* **What you will do**:
From the entries below, return exactly the lines beginning at the one that contains "Francisco Camps, ayer" and ending at the one that contains "Panoramic Lakeside Retreat: 2", both of them included, and only those lines.

* **Data under study**:
***
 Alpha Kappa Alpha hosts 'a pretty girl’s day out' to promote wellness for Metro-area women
***
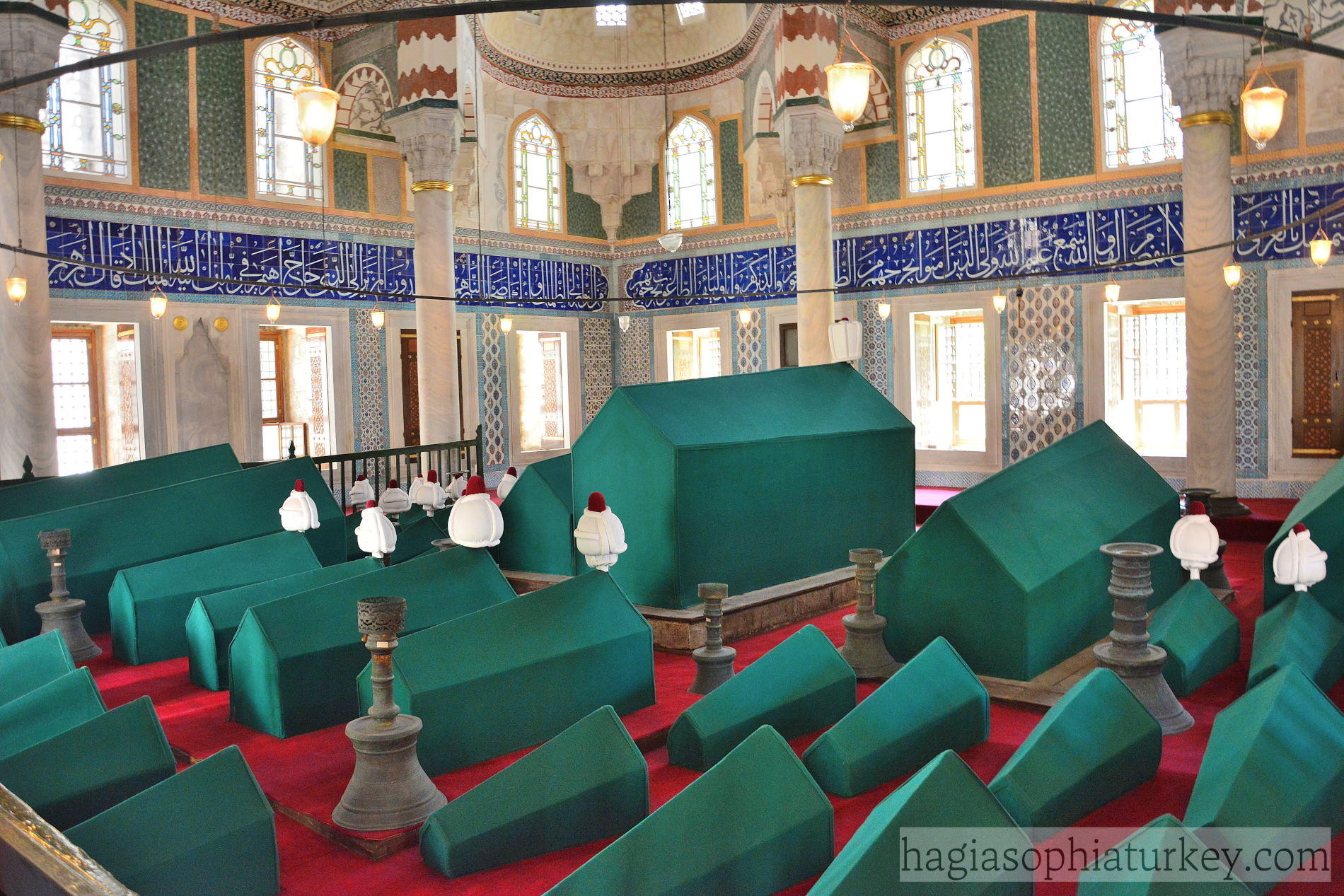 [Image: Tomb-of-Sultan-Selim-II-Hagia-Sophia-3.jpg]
***
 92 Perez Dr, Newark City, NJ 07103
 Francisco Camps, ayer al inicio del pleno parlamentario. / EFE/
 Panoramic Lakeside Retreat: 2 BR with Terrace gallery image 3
***
* **Final answer**:
 Francisco Camps, ayer al inicio del pleno parlamentario. / EFE/
 Panoramic Lakeside Retreat: 2 BR with Terrace gallery image 3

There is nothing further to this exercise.